§ **Exercise goal**
In the material below, find the line that contains "Menu settings allow" and the line that contains "First thing you", then write out exactly those two lines and everything between them.

§ **Information shown**
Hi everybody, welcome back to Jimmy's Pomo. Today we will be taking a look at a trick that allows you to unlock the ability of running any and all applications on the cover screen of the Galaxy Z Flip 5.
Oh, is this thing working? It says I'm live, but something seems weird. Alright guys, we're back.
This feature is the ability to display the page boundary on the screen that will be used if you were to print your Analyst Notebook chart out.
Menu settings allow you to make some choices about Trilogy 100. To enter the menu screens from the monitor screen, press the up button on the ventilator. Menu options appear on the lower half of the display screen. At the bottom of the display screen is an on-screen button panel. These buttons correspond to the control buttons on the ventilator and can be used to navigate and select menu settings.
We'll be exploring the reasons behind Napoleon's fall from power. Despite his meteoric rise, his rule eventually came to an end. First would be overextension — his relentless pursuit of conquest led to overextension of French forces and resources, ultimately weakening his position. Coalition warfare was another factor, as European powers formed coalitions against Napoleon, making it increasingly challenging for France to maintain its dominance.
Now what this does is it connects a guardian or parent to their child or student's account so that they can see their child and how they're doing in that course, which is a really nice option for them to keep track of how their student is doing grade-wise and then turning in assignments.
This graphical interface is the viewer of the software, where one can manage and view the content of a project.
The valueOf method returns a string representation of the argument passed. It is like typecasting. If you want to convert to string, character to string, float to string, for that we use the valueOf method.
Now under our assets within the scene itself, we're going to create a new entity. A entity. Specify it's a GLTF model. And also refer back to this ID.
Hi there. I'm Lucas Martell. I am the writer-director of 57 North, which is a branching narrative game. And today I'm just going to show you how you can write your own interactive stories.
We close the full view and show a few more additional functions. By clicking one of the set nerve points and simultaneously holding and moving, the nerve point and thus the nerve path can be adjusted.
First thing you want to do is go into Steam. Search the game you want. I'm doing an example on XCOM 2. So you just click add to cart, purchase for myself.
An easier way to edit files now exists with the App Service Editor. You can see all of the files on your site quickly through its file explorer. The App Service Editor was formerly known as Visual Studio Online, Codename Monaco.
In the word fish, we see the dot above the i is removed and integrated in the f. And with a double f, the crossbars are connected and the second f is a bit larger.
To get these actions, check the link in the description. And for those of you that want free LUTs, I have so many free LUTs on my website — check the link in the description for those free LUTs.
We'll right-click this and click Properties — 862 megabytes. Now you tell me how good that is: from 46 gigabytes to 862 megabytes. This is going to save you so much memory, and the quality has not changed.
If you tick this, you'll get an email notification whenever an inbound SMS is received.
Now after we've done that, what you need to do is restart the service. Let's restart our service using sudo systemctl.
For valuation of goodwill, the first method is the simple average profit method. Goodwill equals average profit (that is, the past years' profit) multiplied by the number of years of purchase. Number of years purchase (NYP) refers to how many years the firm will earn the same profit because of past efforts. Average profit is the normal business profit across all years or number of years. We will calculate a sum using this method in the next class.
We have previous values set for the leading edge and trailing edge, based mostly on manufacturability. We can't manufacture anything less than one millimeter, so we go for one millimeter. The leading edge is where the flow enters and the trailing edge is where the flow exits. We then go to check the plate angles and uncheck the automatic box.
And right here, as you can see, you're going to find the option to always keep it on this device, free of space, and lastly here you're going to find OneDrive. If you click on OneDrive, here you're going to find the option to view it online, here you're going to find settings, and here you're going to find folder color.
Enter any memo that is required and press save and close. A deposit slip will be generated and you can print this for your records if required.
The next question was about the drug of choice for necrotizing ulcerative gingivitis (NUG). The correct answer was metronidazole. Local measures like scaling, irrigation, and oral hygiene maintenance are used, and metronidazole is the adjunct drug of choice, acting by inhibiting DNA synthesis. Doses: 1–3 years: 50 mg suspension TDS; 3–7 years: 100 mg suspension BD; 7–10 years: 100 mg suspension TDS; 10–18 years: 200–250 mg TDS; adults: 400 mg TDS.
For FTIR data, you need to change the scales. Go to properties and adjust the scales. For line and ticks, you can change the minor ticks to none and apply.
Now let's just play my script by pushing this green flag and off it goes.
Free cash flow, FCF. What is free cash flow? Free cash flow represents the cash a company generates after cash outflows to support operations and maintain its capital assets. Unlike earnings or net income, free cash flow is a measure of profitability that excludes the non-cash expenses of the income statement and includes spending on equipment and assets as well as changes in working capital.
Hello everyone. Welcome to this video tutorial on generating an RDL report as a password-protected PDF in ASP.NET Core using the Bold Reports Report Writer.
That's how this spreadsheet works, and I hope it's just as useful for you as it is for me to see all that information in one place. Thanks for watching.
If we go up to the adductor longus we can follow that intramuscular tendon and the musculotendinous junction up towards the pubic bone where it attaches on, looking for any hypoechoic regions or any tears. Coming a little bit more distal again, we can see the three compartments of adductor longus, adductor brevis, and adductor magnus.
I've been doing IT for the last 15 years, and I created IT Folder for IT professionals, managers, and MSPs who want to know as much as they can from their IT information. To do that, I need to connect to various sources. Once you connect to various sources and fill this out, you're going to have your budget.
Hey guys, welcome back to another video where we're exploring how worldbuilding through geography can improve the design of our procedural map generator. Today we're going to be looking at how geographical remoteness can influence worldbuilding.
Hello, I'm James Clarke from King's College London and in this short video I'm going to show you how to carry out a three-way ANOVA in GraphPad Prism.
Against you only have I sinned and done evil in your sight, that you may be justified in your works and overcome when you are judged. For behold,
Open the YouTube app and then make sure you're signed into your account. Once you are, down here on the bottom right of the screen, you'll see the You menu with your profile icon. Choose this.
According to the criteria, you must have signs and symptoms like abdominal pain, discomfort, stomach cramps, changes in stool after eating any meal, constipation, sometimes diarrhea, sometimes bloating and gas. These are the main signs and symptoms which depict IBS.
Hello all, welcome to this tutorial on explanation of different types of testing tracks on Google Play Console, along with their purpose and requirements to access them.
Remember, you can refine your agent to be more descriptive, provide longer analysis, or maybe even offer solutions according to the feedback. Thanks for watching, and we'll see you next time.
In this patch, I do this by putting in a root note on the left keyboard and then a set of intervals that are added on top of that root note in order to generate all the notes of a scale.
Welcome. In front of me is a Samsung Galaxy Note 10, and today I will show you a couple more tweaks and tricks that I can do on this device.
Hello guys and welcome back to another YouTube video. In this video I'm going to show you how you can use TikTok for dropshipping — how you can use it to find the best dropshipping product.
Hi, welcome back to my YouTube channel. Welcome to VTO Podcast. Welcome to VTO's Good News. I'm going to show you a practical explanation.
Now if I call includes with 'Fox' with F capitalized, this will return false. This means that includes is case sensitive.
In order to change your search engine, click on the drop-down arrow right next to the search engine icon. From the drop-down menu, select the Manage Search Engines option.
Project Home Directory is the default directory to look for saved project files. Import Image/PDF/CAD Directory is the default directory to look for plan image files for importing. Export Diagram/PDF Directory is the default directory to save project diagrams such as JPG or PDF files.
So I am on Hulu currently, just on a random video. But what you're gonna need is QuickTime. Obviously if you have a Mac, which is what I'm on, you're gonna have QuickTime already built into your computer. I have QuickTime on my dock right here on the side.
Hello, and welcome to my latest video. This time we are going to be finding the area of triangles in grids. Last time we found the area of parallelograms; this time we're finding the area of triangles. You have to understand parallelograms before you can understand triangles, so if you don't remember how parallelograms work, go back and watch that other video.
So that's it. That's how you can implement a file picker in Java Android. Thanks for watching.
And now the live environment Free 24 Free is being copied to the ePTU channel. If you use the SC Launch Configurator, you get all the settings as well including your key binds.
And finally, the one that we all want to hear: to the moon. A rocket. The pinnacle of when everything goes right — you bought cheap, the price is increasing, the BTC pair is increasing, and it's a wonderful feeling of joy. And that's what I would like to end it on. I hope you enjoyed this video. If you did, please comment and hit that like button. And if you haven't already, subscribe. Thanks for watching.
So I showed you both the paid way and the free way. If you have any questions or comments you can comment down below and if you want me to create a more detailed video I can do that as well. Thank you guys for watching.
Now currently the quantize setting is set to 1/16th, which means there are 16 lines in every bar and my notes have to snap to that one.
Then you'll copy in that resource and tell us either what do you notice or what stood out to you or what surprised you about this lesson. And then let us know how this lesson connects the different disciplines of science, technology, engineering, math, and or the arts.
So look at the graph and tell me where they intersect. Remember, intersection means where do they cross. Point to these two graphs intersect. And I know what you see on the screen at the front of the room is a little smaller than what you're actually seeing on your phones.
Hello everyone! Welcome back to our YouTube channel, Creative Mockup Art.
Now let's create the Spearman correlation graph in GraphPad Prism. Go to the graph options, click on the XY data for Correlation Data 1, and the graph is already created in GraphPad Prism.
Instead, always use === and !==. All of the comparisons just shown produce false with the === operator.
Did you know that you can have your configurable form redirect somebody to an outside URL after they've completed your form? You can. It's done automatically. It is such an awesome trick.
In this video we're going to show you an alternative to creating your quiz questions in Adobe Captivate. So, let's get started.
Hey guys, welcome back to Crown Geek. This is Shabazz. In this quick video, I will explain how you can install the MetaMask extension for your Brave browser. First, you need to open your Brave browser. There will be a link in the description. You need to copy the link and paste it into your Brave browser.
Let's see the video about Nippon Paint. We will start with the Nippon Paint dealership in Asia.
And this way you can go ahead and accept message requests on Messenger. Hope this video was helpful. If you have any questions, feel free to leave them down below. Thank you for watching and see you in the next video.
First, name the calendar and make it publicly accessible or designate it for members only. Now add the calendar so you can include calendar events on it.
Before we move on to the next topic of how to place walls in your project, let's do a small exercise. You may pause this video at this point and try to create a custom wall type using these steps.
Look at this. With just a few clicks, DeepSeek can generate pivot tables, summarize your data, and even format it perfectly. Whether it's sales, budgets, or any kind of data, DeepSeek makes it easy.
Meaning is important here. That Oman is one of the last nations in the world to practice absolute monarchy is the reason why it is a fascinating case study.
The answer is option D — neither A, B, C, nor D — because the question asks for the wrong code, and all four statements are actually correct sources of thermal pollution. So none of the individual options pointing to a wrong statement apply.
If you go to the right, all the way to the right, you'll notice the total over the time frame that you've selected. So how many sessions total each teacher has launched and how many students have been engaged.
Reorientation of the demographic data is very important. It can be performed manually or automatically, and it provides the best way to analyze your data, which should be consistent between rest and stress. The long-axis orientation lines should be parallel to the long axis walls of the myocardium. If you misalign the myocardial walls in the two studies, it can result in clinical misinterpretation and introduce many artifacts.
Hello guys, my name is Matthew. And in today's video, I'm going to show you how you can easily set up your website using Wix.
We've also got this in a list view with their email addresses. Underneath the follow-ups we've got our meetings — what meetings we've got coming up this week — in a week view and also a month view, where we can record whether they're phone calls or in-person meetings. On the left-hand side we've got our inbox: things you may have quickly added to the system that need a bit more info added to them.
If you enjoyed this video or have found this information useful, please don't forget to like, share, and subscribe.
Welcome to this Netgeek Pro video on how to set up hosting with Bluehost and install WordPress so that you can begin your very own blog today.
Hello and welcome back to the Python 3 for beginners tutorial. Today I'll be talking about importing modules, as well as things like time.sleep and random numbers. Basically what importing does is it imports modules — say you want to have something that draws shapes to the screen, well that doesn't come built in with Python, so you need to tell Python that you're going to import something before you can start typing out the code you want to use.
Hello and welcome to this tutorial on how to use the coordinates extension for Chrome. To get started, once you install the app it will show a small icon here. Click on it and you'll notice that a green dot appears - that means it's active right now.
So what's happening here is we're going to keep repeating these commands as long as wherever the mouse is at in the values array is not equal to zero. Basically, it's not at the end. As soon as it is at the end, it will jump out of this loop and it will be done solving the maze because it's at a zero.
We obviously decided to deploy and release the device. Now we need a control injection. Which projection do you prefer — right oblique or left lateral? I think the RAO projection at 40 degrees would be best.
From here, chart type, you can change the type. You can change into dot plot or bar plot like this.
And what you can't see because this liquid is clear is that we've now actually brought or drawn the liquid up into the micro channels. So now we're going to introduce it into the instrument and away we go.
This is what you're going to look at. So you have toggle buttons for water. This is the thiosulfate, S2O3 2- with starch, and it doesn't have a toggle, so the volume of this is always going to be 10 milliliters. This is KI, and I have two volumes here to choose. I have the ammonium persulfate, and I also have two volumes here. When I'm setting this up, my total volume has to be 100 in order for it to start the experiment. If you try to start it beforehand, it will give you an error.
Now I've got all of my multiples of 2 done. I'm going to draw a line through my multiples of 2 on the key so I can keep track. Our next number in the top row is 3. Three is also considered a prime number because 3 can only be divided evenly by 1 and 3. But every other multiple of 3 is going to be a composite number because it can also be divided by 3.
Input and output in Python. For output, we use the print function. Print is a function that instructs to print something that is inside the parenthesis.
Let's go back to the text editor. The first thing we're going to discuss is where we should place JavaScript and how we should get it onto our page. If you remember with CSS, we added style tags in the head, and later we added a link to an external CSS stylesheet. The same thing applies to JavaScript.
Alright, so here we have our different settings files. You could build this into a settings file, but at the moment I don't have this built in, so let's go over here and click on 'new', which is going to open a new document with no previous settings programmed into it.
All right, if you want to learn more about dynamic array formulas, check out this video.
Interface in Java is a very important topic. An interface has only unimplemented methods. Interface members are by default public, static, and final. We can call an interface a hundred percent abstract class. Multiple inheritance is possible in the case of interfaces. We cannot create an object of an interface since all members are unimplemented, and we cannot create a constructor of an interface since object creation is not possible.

§ **Response to this exercise**
Menu settings allow you to make some choices about Trilogy 100. To enter the menu screens from the monitor screen, press the up button on the ventilator. Menu options appear on the lower half of the display screen. At the bottom of the display screen is an on-screen button panel. These buttons correspond to the control buttons on the ventilator and can be used to navigate and select menu settings.
We'll be exploring the reasons behind Napoleon's fall from power. Despite his meteoric rise, his rule eventually came to an end. First would be overextension — his relentless pursuit of conquest led to overextension of French forces and resources, ultimately weakening his position. Coalition warfare was another factor, as European powers formed coalitions against Napoleon, making it increasingly challenging for France to maintain its dominance.
Now what this does is it connects a guardian or parent to their child or student's account so that they can see their child and how they're doing in that course, which is a really nice option for them to keep track of how their student is doing grade-wise and then turning in assignments.
This graphical interface is the viewer of the software, where one can manage and view the content of a project.
The valueOf method returns a string representation of the argument passed. It is like typecasting. If you want to convert to string, character to string, float to string, for that we use the valueOf method.
Now under our assets within the scene itself, we're going to create a new entity. A entity. Specify it's a GLTF model. And also refer back to this ID.
Hi there. I'm Lucas Martell. I am the writer-director of 57 North, which is a branching narrative game. And today I'm just going to show you how you can write your own interactive stories.
We close the full view and show a few more additional functions. By clicking one of the set nerve points and simultaneously holding and moving, the nerve point and thus the nerve path can be adjusted.
First thing you want to do is go into Steam. Search the game you want. I'm doing an example on XCOM 2. So you just click add to cart, purchase for myself.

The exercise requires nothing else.